I met Kishner in 2015, when I wrote a story about him for the Las Vegas Sun. He was funny and blunt, a great interview, although he initially wasn’t sure about doing it.
(When I called to see if he would meet with me, he asked me to send him a letter, on company letterhead, outlining what I wanted to talk about.)
Sitting in his upstairs office at Somerset Shopping Center, he told me he moved to Florida when he was 13 and that he went to college there. South Florida was mostly transplanted New Yorkers and others, he said, but in the northern part of the state, “you’re going into Klan country.”
He moved to Las Vegas in 1960. “I didn’t have a covered wagon, but moving here was my pioneer adventure.”
He became friends with former boxing champ Jackie Fields and dated a Copa Room dancer, a blonde with a beehive who “had been involved with some mobsters and was in some movies.”
As for Las Vegas’ mafia days: “You knew what was going on. If you didn’t know, you were stupid.” He never took a payoff, he said, and some people in town “might say I’m a bastard, I’m tough, this or that, but I’m honest. I’ve never cheated anybody, and I’ve never lied to anybody.”
He also demolished his Somerset House Motel because, he explained: “Money was going out, not going in.”
His daughter Joanna Kishner, a Clark County District Court judge, told me on Friday that her dad’s shopping center was “a vibrant part of the community” with a pizza parlor, a grocery and a tavern.

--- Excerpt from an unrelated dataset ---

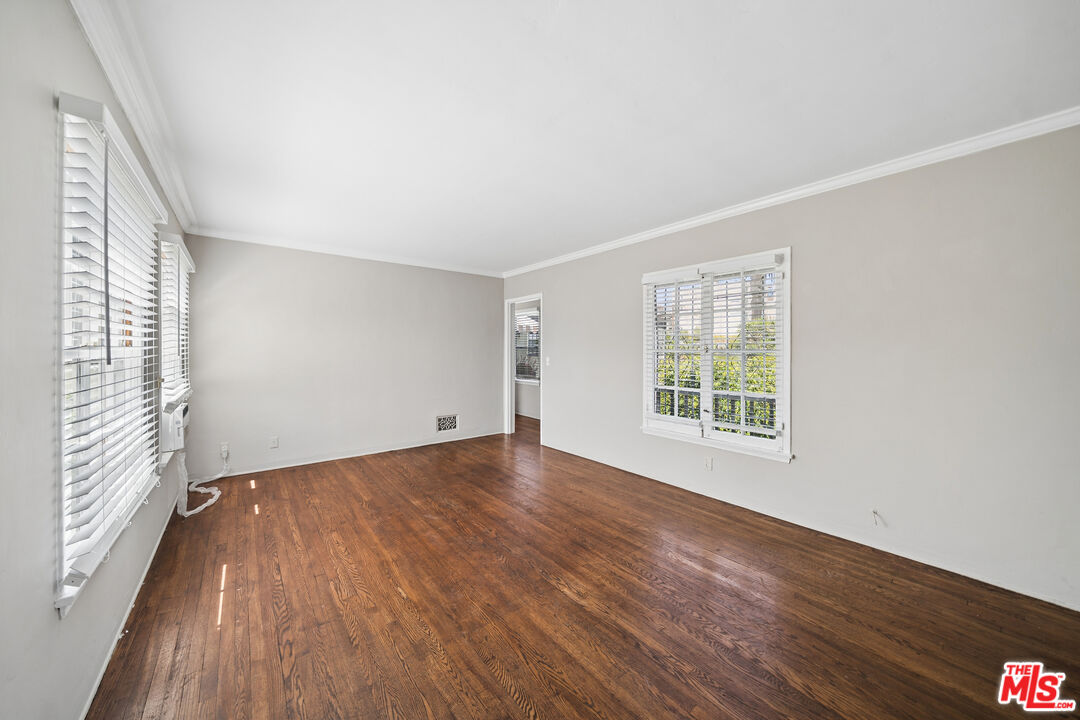 1402 N Mansfield Ave Unit: 1402 1/2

It also has potential for redevelopment, she added.
Sharon Kishner, a former disability-rights attorney and now an advocate for the mentally ill, said the plaza used to be “completely full.”
Workers at the pharmacy there “knew everyone on a first-name basis,” she said, and her dad was “devastated” when it closed after a national drugstore opened on the Strip. (A Walgreens is just down the street from the plaza, at the corner of Convention Center Drive and Las Vegas Boulevard.)

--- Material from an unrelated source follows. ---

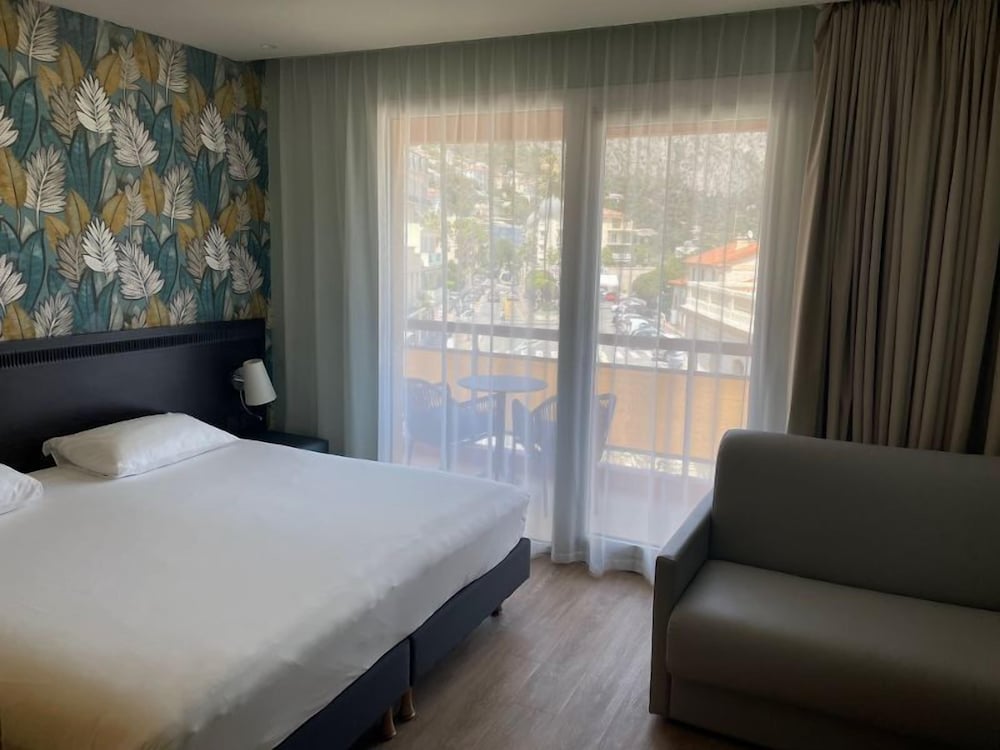 Habitación Standard con cama doble y sofá del hotel Ibis Styles Beaulieu Sur Mer. Foto 1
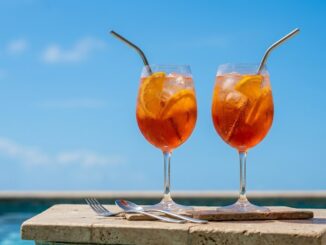 Cinco formas de celebrar sin prisa en AC by Marriott Santa Marta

Irwin worked into his 80s, and even though he wasn’t as mobile in the past year, he still conducted a lot of business from home, said Sharon, who lives in Portland, Oregon.
She went to her dad’s office on Thursday to get awards from the walls to bring to his memorial service. Besides those items, the office hadn’t been boxed up.
“It looks as if it’s ready for him to walk in tomorrow,” she said.